Abe explains choice of Reiwa for next era name - unsignedint
https://japantoday.com/category/national/japan-names-new-era-reiwa
======
dr_dshiv
Harmony is an important concept in East and West -- and it has a much more
specific meaning than "goodness."

It played a major part in western philosophy (Pythagoras and Plato), where it
was hypothesized that a mathematical harmony pervaded the cosmos. The first
empirical -- even scientific -- hypothesis testing investigated this idea [0]
using proportional lengths of string and the thickness of bronze chimes.
Contemporaneously in China, both Confucianism and Daoism treated harmony as an
underlying moral/aesthetic principle.
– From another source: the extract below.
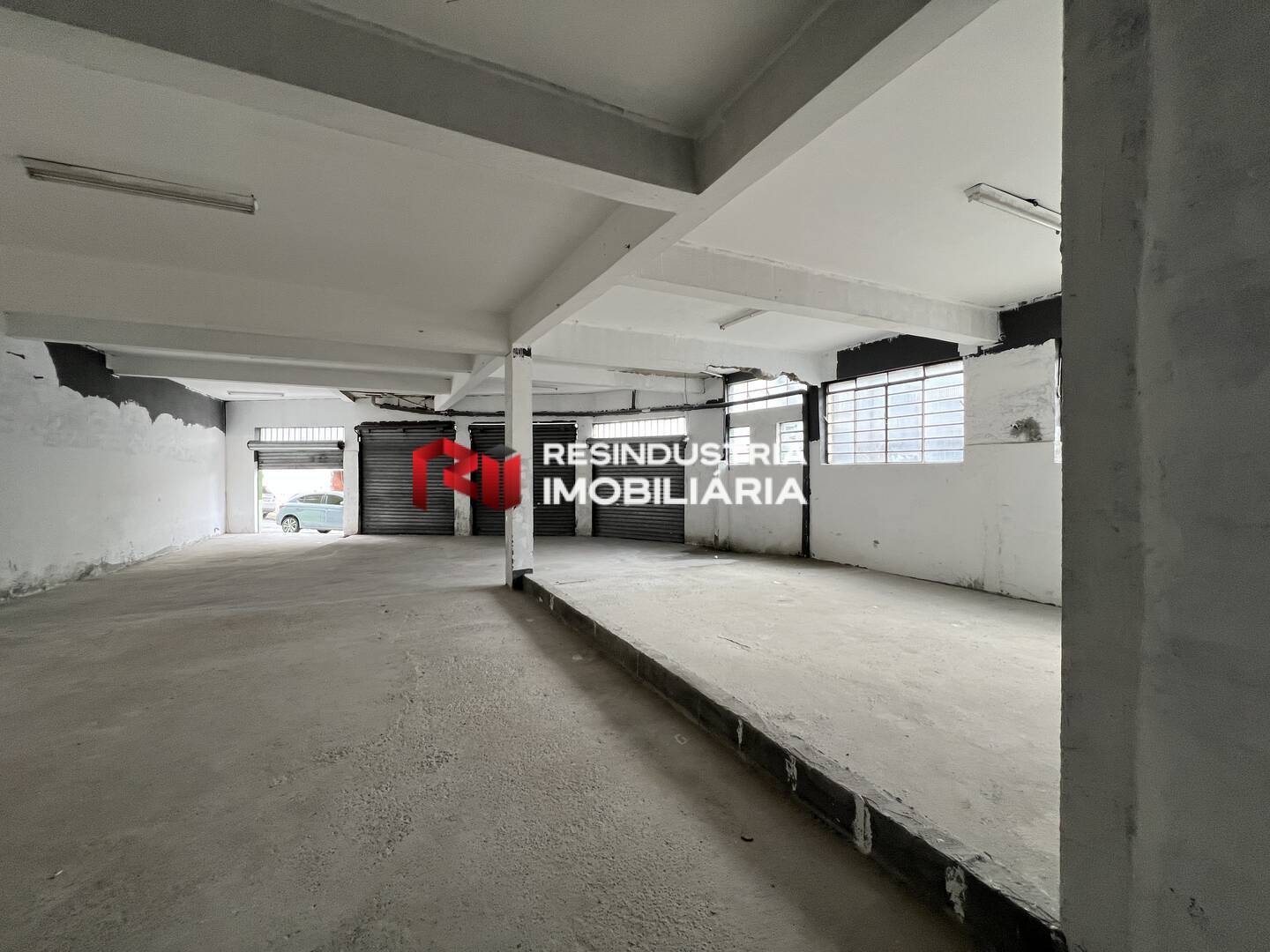 Loja-Salão, 300 m² - Foto 15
The union of moral and aesthetic harmony
was described in the thesis of Francis Hutchison, who was both Adam Smith's
doctoral advisor and one of the biggest philosophical influences on the
American founding fathers. See for yourself! [1]

Harmony is not sameness -- it is diversity in unity. This is a key insight in
both Eastern and Western philosophy. In the West, the connection to the
mathematics of the harmonic series doesn't appear to be coincidental
(harmonies consisting of notes that share harmonics) -- although I'd challenge
anyone to make sense of it all! My point here is that there is a story worth
learning more about. I'd argue that we need guiding philosophical principles
-- and it is awfully nice that there is a scientific one that underpins some
of the largest societies on Earth:

* The official principal objective of the Chinese government is the creation of a "Harmonious Society".

* The official motto of the EU is "In varietate concordia"

* The traditional (although unofficial) motto of the USA is "e pluribus unum"

* The official motto of Indonesia is "Unity in Diversity"

* And now this from Japan!

Not to say that these governments are necessarily aware of this history, but
only that these ideas are very old, very core and very unifying.

[0] Barker, A. (2007). The science of harmonics in classical Greece. Cambridge
University Press. [1] Hutcheson, F., (1729). An inquiry into the original of
our ideas of beauty and virtue: in two treatises. I. Concerning beauty, order,
harmony, design. II. Concerning moral good and evil.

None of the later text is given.